4

I'm writing a machine learning algorithm on huge & sparse data (my matrix is of shape (347, 5 416 812 801) but very sparse, only 0.13% of the data is non zero.

My sparse matrix's size is 105 000 bytes (<1Mbytes) and is of csr type.

I'm trying to separate train/test sets by choosing a list of examples indices for each. So I want to split my dataset in two using :

training_set = matrix[train_indices]

of shape (len(training_indices), 5 416 812 801), still sparse

testing_set = matrix[test_indices]

of shape (347-len(training_indices), 5 416 812 801) also sparse

With training_indices and testing_indices two list of int

But training_set = matrix[train_indices] seems to fail and return a Segmentation fault (core dumped)

It might not be a problem of memory, as I'm running this code on a server with 64Gbytes of RAM.
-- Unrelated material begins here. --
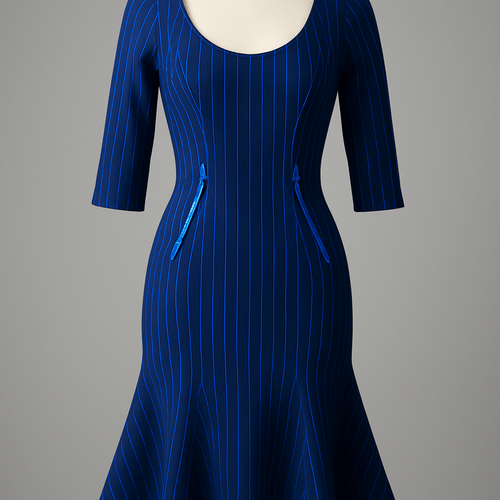 Thin electric blue Pin Stripped on navy midi dress with trumpet skirt and 3/4 sleeve. Raglan sleeve with deep scoop neck princess seamed blue zippers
Any clue on what could be the cause ?

hpaulj
  • 221,503
  • 14
  • 230
  • 353
Doob
  • 45
  • 1
  • 4
  • My guess is a MemoryError that isn't being trapped nicely. You may have to study `matrix.__getitem__` (the indexing method) to see how it does the selection. Each sparse format does its own indexing. `lil` and `csr` should handle row index well. `coo` doesn't handle index at all. Indexing sparse matrices isn't hidden in compiled code like it is for arrays (and it isn't as fast). – hpaulj Sep 14 '16 at 22:47
  • I'll check that, but as I'm using `csr` and trying to fetch rows, it should be fine – Doob Sep 14 '16 at 22:50
  • Which version of scipy are you using? You can check with `import scipy; print(scipy.__version__)` – Warren Weckesser Sep 15 '16 at 03:23
  • A search on SO or scipy github regarding 'sparse' and 'segmentation fault' might be in order. – hpaulj Sep 15 '16 at 15:59

1 Answers1

3

I think I've recreated the csr row indexing with:

def extractor(indices, N):
   indptr=np.arange(len(indices)+1)
   data=np.ones(len(indices))
   shape=(len(indices),N)
   return sparse.csr_matrix((data,indices,indptr), shape=shape)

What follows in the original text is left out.